How to relieve painful breastfeeding
Many mothers experience pain while breastfeeding for one reason or another. Forsome, it can become so distressing that they decide to stop nursing all together. Experts recommend nursing your baby until they are at least one year old, so take some time to recognize the culprit of the discomfort and learn some of the tried-and-tested methods that can offer relief from breastfeeding pain.
Correct the latch on
The most common cause of pain while nursing is poor latching on.

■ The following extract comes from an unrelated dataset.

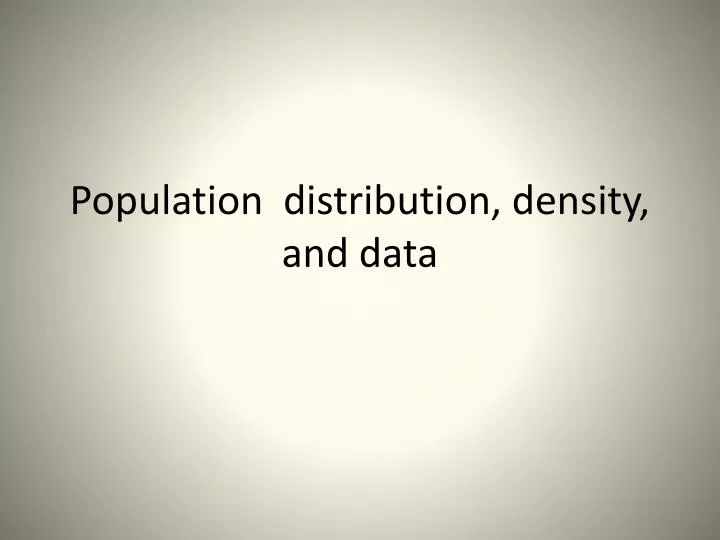 population distribution density and data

When nursing, your baby should have the nipple and the entire areola in their mouth, with the nipple positioned deep towards the back of the palate, so that the nipple is not taking a lot of pressure while the baby is sucking. The baby’s lips need to be slightly curled to the outside, so that there is no air space in between the baby’s lips and the breast. The nose must stay free because your baby breathes through the nose during feeding. Position your baby for success by bringing them close to you, with their head slightly tilted backwards, to that their chin is very close to your breast. Squeeze your breast gently and direct the nipple towards the back of your baby’s mouth. Adjust the position until you reach a pain-free latch with your baby nursing in long, rhythmic gulps.
If you are having trouble achieving a good latch, talk to a lactation consultant and check whether your baby is tongue-tied, which is often a cause for latching issues.
Nurture sore and cracked nipples
If the baby has trouble latching on, they often end up sucking on the nipple itself, causing damage and making your nipples very sore. A good latch will help avoid this issue, but if the damage is already done, you can alleviate the pain by applying breast compresses that contain healing ingredients which will encourage recovery. Cold compresses can also help, at least temporarily, just remember not to put ice directly on your skin.
If your baby is hungry, they will suck more vigorously than usual, causing more damage to your already sore nipples. Watch for early signs of hunger and offer the less injured breast first – this way, by the time your baby is ready for the other breast, they won’t be sucking aggressively. Before nursing, express a few drops of milk to stimulate the letdown reflex and prevent your baby from chewing on the nipple in the attempt to get the milk.
If your nipples are too sore to nurse, express the milk to keep up your milk supply and prevent engorgement. Sometimes using a nipple shield may offer a solution to continue breastfeeding.
Sore nipples can also be caused by other factors, such as yeast or bacterial infection or skin conditions such as eczema or psoriasis. In case of an infection, you should consult your physician who can prescribe you with appropriate medication. Skin on the nipples and breasts can also be irritated by aggressive ingredients in cosmetic and hygiene products, or as a result of allergies to a new product you’ve started using recently. Try to identify and avoid the culprit – the most common irritants include shower gels and bubble baths which can dry the skin of the nipple too much. Rinse your breasts with warm water and avoid using products like these on your breasts.
Take care of your nipples by expressing a few drops of milk after feeding and spreading it all over the nipples – milk has a soothing and protective effect on the skin. You can also try a nipple balm which will nourish the skin and protect the nipples from cracking.
Another common culprit of pain during nursing is engorgement or milk build-up in your breasts. Avoid skipping feeding sessions and if you must (i.e. If you are working or you’re away from home), express the milk following the usual feeding intervals. Warm compresses and massage can also help with milk flow and reduce some of the pressure.